_Aim of the task_
Should a picture appear anywhere in the data, omit it and copy everything else exactly.

_Information shown_
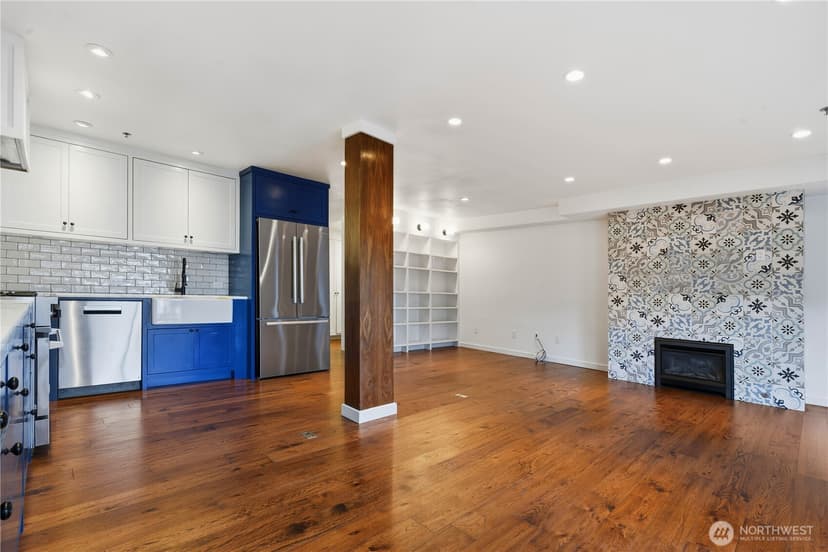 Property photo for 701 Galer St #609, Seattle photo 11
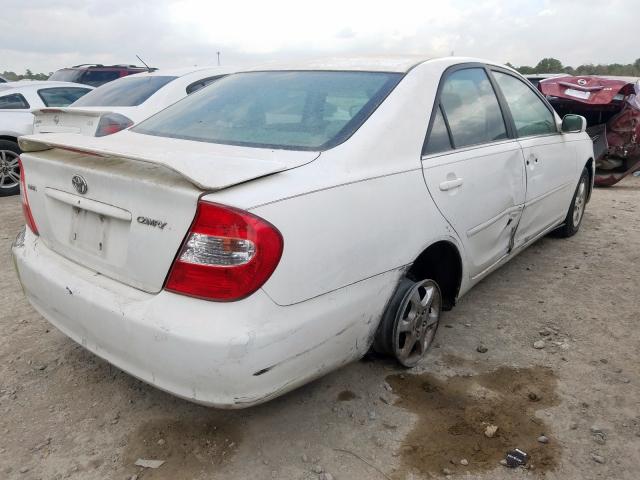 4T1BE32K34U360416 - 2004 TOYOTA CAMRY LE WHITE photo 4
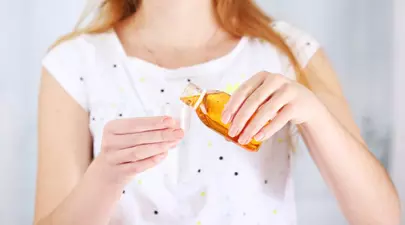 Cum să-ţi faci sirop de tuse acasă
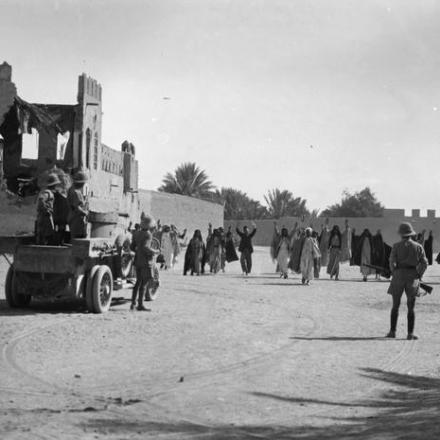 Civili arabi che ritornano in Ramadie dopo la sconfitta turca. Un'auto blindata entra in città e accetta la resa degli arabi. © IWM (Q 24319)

_Answer space_
 Property photo for 701 Galer St #609, Seattle photo 11
 4T1BE32K34U360416 - 2004 TOYOTA CAMRY LE WHITE photo 4
 Cum să-ţi faci sirop de tuse acasă
 Civili arabi che ritornano in Ramadie dopo la sconfitta turca. Un'auto blindata entra in città e accetta la resa degli arabi. © IWM (Q 24319)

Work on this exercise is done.